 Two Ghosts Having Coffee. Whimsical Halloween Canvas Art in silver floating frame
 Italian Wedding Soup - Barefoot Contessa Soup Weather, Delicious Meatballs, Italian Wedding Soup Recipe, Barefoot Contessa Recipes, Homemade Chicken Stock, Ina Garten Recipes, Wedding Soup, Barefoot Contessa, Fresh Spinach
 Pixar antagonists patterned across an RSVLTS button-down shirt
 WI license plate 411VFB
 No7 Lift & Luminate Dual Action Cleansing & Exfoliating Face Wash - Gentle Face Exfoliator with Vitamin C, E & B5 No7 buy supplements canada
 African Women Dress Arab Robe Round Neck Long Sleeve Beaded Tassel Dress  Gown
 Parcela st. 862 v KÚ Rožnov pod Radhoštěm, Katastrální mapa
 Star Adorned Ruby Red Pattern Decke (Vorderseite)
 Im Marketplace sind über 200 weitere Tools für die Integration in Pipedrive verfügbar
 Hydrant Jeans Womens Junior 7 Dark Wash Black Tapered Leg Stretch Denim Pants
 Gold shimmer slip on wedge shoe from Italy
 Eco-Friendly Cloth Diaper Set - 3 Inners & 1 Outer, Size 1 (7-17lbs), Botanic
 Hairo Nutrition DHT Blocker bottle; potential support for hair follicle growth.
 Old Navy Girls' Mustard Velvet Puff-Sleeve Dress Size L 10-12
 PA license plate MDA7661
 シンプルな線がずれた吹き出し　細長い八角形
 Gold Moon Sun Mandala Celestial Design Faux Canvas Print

**DESCRIPTION OF THE TASK:** Please write out all of the records above, character for character.

**ANSWER TO THIS PROBLEM:**
 Two Ghosts Having Coffee. Whimsical Halloween Canvas Art in silver floating frame
 Italian Wedding Soup - Barefoot Contessa Soup Weather, Delicious Meatballs, Italian Wedding Soup Recipe, Barefoot Contessa Recipes, Homemade Chicken Stock, Ina Garten Recipes, Wedding Soup, Barefoot Contessa, Fresh Spinach
 Pixar antagonists patterned across an RSVLTS button-down shirt
 WI license plate 411VFB
 No7 Lift & Luminate Dual Action Cleansing & Exfoliating Face Wash - Gentle Face Exfoliator with Vitamin C, E & B5 No7 buy supplements canada
 African Women Dress Arab Robe Round Neck Long Sleeve Beaded Tassel Dress  Gown
 Parcela st. 862 v KÚ Rožnov pod Radhoštěm, Katastrální mapa
 Star Adorned Ruby Red Pattern Decke (Vorderseite)
 Im Marketplace sind über 200 weitere Tools für die Integration in Pipedrive verfügbar
 Hydrant Jeans Womens Junior 7 Dark Wash Black Tapered Leg Stretch Denim Pants
 Gold shimmer slip on wedge shoe from Italy
 Eco-Friendly Cloth Diaper Set - 3 Inners & 1 Outer, Size 1 (7-17lbs), Botanic
 Hairo Nutrition DHT Blocker bottle; potential support for hair follicle growth.
 Old Navy Girls' Mustard Velvet Puff-Sleeve Dress Size L 10-12
 PA license plate MDA7661
 シンプルな線がずれた吹き出し　細長い八角形
 Gold Moon Sun Mandala Celestial Design Faux Canvas Print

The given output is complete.